There I was living the life, watching the Peanuts movie with my son, chasing him around as he learned to walk, keeping the house clean, getting a decent amount of sleep, living in yoga pants… So why did I start working from home and put my son in daycare when I basically had it made? Why did I start freelancing? Why start a blog? I’ll tell you why and hopefully inspire you to do the same.
Our Bank Account Was Depressing
First of all, I didn’t have it made. Sitting around the house was pretty much (and kind of still is) all we could do. Why? Literally all of our income went toward bills. Whether it be payments on loans, the car, groceries, or gas, our paycheck (by “our” I mean my husband’s) would be completely gone by the next payday. That doesn’t sound like “living the life” to me. I picture a life full of adventure and unique experiences with the people I love. The life I envision for myself and family does not include barely scraping by every month. Not to mention, I have some dreams that require funding and a freelancing as a writer seemed to be a step in the right direction.
Dreaming for the Future
Dreams? Yes, you know, those big ideas you get when you’re wide awake watching your baby grow up, wishing you could provide an amazing life for them? You know, those things adults often have but sadly almost never act upon? Well, I don’t want to give up on mine or just sit around thinking about them because I want so much more for my babies and my husband and even my parents.

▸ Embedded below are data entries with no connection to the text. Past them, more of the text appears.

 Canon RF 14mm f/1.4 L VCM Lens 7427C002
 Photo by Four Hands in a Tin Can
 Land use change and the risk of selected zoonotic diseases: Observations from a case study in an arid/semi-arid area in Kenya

Dreams can be a little selfish too, and that’s okay. Mine are. I’ll be the first to admit, I want nice things. We currently have a saggy brown couch in our living room that I’m pretty sure is broken in a few places, but it only cost us $2.50 from Goodwill and we need something to sit on. Let’s be real for a minute. Yes, the saggy brown couch serves its purpose but there is nothing wrong with not wanting a saggy brown couch in your life. In fact, if your life feels like a saggy brown couch, please, make some changes and go get the Restoration Hardware couch kind of life you deserve! I know you can because I know I can. I digress.
Changing My Path
I will also admit to wanting some recognition. My life hasn’t exactly gone as I had planned it in high school (shocking amiright?). I often feel like I don’t have anything to show for the years I have lived in the “real” world and sometimes it really bums me out. It would be nice to have something to talk about at dinner when my dad is visiting and talking about his recent accomplishments. It would be nice to be a big part of why our family’s financial status has drastically changed. I think about the future a lot and I wonder how I might look back on this present moment in my life. Looking back, I want to be able to thank myself for hustling. I want my kids, when they are old enough, to understand and really appreciate the life they are able to live because their parents hustled.

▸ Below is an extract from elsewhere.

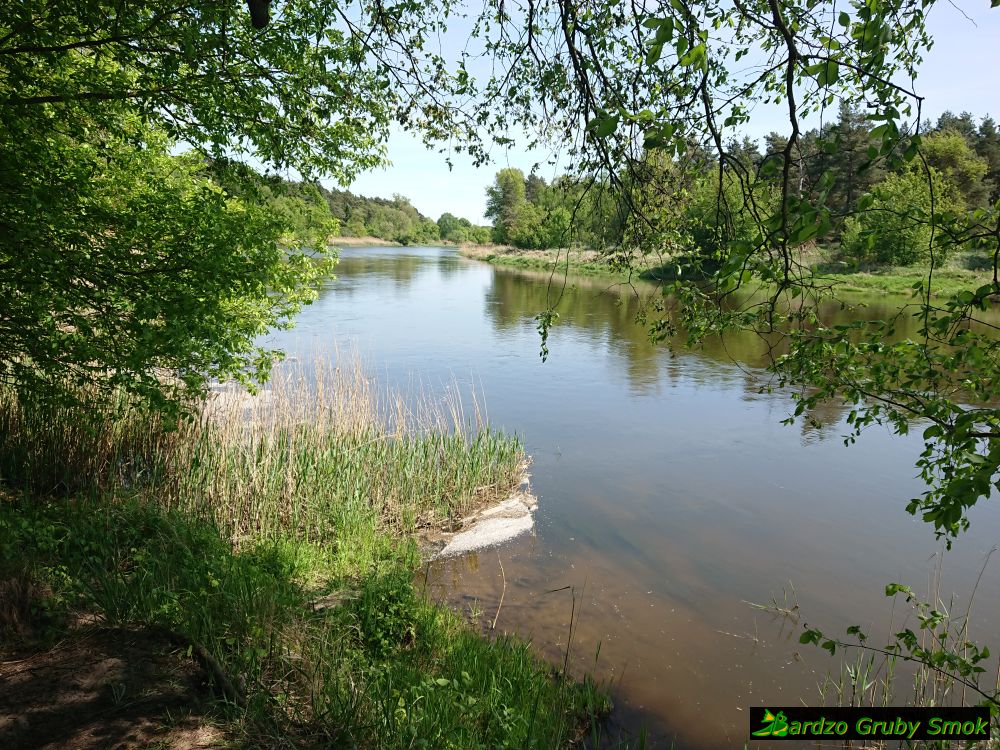 ścieżki nad Wartą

I’ve always believed that I was going to start and grow my own business. In the past few years I have really been inspired by the fashion world and I have been dying to start a personal style blog. It’s just not the right time yet and I believe it requires a lot of startup cash. At least the blog I envision does. I also would like to finish up my education at the Art Institutes with no debt. So, that’s kind of the beginning of my dream and I can’t do anything about it when there is no room in the budget.
I kind of already touched on this but generating an income and having goals, gives me a sense of purpose. I love challenging myself and I don’t think, because I am a mom, I should deprive myself of taking on a big goal. It’s difficult balancing being a mom and what that should look like with personal goals. I have learned over time, however, that in order for me personally, to be the best mom, I need to chase my own dreams and have my own agenda. Guess you could say it makes me feel validated when I contribute to the household. Don’t get me wrong, I admire women who can spend every waking minute with their children and I love teaching my son and watching him learn but I’m more than a mom and I need an outlet for the other parts of me.
If there are any stay-at-home moms, wives, or just ambitious women out there reading this, I hope you’re encouraged to act on those dreams that keep making their way back into your thoughts. If freelancing is one of those dreams, the first step is the scariest. I promise, it gets easier. Look how much I made in my first month of taking this freelancing business seriously! Seriously ladies, change the things about your life you don’t like. You’d be surprised how much of your happiness is in your control.